The greatest thing in going out and meeting new people is that they are always a wonderful reference in showing you where you are with your thoughts, and teaching you that their thoughts aren’t your thoughts.

This is something that we all of course know in the basic level, but don’t often remember it before we again find ourselves in a situation where someone is acting differently that we usually would.

This is crucial for us so-certain-of-everything social media professionals to understand. People tend to use social media services differently and there’s really not a one real way to do things. It’s also creative and refreshing to speak with different people about them using social media, because you always hear about new ways you haven’t thought before – some are ‘good’ and some not that good.

So, instead of telling people how, we should make them more often ask the question why. Why do you do certain things with certain services in social media? And the reason cannot be simply “because one has to be there”.

This eventually comes to the need of having a strategy, which I think is as important with one’s personal success as with company’s. In these speedy times we tend to forget the reason, the goals behind our actions.

Here’s a simple checklist of thoughts to think while surfing in the wave of social media. These aren’t specifically social media related. I believe these are things that everyone who wants to achieve something should once in a while to ask themselves.

What am I trying to achieve with my current actions?

If I’m posting to my corporate Twitter account about how I’m “Doing a project”, does anybody care, really?

But posting “Contemplating a project for teaching #e-learning in rural schools in #Africa” instead [and maybe even using hashtags for helping people easier to find these topics], tells much more about you and your intentions and people who might be interested about e-learning and Africa might find you and start follow you – and if you are lucky, want to ask you more about these things. So remember to tell more about that issue in the future.

How’s my message?

We tend to sound different to ourselves than to other people. Ask someone, your friend, your partners, your customers or your mom; How do I seem/sound/feel like to you?

But once again, it’s up to you do you listen or not.

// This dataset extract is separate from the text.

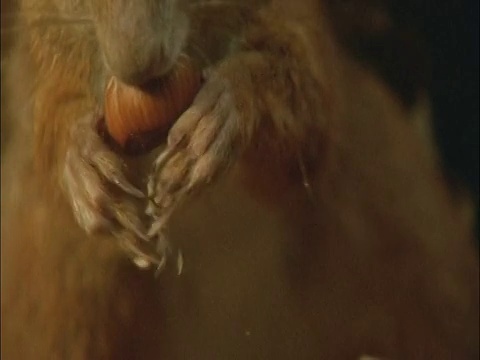 红松鼠(Sciurus vulgaris)在森林中收集坚果，比亚沃维耶扎，波兰视频素材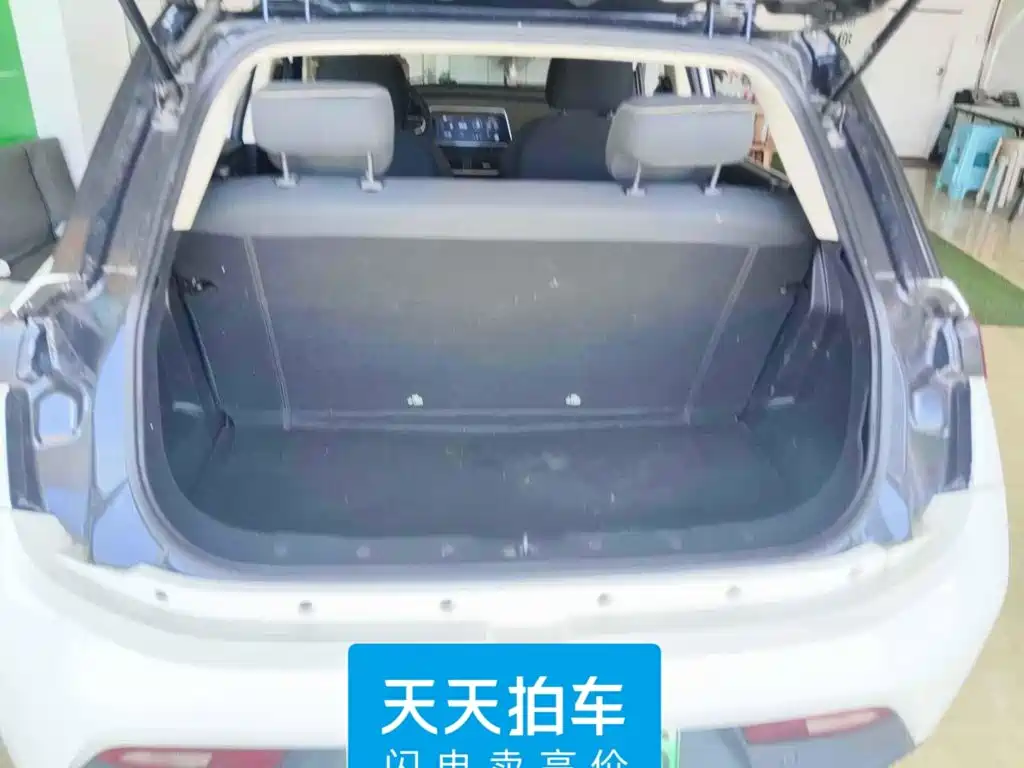 Electric House YOUNG Guang Xiaoxin 2022 2021 S400 4-Seater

Not everyone’s opinion matter and if you feel like your doing the right moves, stick with them.

Continuity (i.e. sticking with the story)

We are living in a story based society, or at least that’s what they are telling us everywhere. In a way that’s true and has always been with human beings from the dawn of times, but one has to really think what’s the story to tell.

One of the biggest benefits of continuity in your messages is that people tend to remember patterns better, instead of just single portions of different information. Also message that is lined with the previous ones “adds up” to the story being built – with a word “story” I don’t necessarily mean something fake or invented by the Creative Department.

How does being social benefit me?

What is the benefit of you blogging? Does it relieve your creative ambitions, is it just for fun, do you want to share your thoughts about your field of profession or show how good picture you can take?

If you can’t find any reason at all, you should really ask is blogging for me? But, here one should be cautious: It doesn’t necessarily mean that blogging is useless for you if you can’t think why to do it.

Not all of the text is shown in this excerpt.